News

A study is analysing figures for book translations in Spain and Latin America during the 20th century

17/10/2017
The analysis exploits big data

Diana Roig Sanz, a researcher of the Spanish National Association of Ramón y Cajal Researchers and the UOC's Faculty of Arts and Humanities, is using big data to provide a better picture of the trade in book translations in Spain and Latin America between 1900 and 1945. Using as its evidence thousands of translations from and into Spanish that were published both as books and as articles in the leading literary and cultural journals of the time, the project will analyse the nature of the book market in Spain and Latin America during the first half of the 20th century. The goal is to make a significant contribution towards updating the current literature on the aesthetic modernity of the first third of the 20th century, which to date has largely ignored Hispanic influences on the intercultural and editorial networks of the era. The use of big data and an extensive scope of analysis will make it possible to show that Hispanic culture and literature – as well as the channels through which it was spread – played an important role in the intercultural and editorial networks of the time, and will refine traditional interpretations of the trade in cultural products and their centres of influence.
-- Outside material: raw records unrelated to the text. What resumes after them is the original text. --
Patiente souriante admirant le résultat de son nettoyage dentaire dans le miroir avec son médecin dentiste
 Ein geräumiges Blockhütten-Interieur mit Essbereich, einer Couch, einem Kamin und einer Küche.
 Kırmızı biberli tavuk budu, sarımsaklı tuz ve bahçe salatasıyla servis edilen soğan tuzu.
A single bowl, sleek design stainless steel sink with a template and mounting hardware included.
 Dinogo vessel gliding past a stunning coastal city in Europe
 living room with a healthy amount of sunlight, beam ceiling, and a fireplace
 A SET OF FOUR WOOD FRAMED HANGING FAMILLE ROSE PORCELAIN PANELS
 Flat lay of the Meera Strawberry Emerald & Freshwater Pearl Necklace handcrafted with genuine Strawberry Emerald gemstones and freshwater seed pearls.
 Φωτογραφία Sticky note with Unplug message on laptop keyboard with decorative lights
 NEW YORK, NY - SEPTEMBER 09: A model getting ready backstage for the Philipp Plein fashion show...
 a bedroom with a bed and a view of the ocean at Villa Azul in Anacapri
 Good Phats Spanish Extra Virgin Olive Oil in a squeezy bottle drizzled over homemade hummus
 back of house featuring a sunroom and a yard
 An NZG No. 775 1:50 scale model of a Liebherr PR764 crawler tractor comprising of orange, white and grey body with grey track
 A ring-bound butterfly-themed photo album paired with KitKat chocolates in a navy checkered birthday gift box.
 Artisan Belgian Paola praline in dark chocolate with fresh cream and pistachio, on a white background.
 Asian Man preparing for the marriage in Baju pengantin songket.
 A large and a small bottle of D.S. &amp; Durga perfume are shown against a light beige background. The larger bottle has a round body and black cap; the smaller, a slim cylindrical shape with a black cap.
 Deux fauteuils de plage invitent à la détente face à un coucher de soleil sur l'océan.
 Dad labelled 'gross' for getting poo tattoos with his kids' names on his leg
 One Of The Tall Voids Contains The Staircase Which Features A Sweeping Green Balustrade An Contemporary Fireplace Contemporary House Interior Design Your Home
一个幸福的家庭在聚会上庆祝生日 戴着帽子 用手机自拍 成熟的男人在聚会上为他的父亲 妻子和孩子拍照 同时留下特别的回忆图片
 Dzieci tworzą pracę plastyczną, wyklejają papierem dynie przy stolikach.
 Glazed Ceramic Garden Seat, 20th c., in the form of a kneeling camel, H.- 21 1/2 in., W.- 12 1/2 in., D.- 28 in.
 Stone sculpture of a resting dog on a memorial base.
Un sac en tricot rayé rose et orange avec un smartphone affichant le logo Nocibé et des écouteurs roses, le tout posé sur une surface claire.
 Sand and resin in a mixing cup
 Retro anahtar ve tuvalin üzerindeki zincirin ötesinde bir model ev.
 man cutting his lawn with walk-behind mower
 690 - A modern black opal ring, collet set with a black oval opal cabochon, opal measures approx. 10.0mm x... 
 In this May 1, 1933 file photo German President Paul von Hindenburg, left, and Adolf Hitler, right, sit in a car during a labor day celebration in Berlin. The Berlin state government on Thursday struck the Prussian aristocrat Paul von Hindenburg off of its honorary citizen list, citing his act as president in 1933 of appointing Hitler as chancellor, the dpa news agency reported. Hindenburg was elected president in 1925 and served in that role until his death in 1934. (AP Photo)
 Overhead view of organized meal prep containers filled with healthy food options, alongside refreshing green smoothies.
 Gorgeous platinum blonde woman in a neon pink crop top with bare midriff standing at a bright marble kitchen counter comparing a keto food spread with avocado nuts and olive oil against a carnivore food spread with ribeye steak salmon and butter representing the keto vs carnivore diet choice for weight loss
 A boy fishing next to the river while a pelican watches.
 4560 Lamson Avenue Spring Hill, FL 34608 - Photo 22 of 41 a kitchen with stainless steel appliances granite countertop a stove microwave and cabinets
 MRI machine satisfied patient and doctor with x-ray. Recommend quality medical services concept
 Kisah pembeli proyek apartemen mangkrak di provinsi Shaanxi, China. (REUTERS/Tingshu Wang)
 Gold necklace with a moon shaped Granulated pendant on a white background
With funding from the BBVA Foundation's 2017 Leonardo Grants for Cultural Researchers and Creators, in its Humanities category, the study Diana Roig Sanz is conducting is titled Traducción y mercado. El estudio de la circulación del libro (España-Latinoamérica, 1900-1945) a partir de Big Data. It is hoped that this will help to develop conceptions of centres of innovation and the circles they influenced in international modernism, and that it will provide a stepping stone for future research on the history of books, translation, publishing and the networks and channels those working in this field established.

Diana Roig Sanz has been awarded a place as a Visiting Scholar for two months at the University of Oxford's prestigious Oxford Internet Institute. In connection with her project, this stay will allow her to further develop her insight into theories and methods for exploiting big data and digital tools in the field of the Humanities.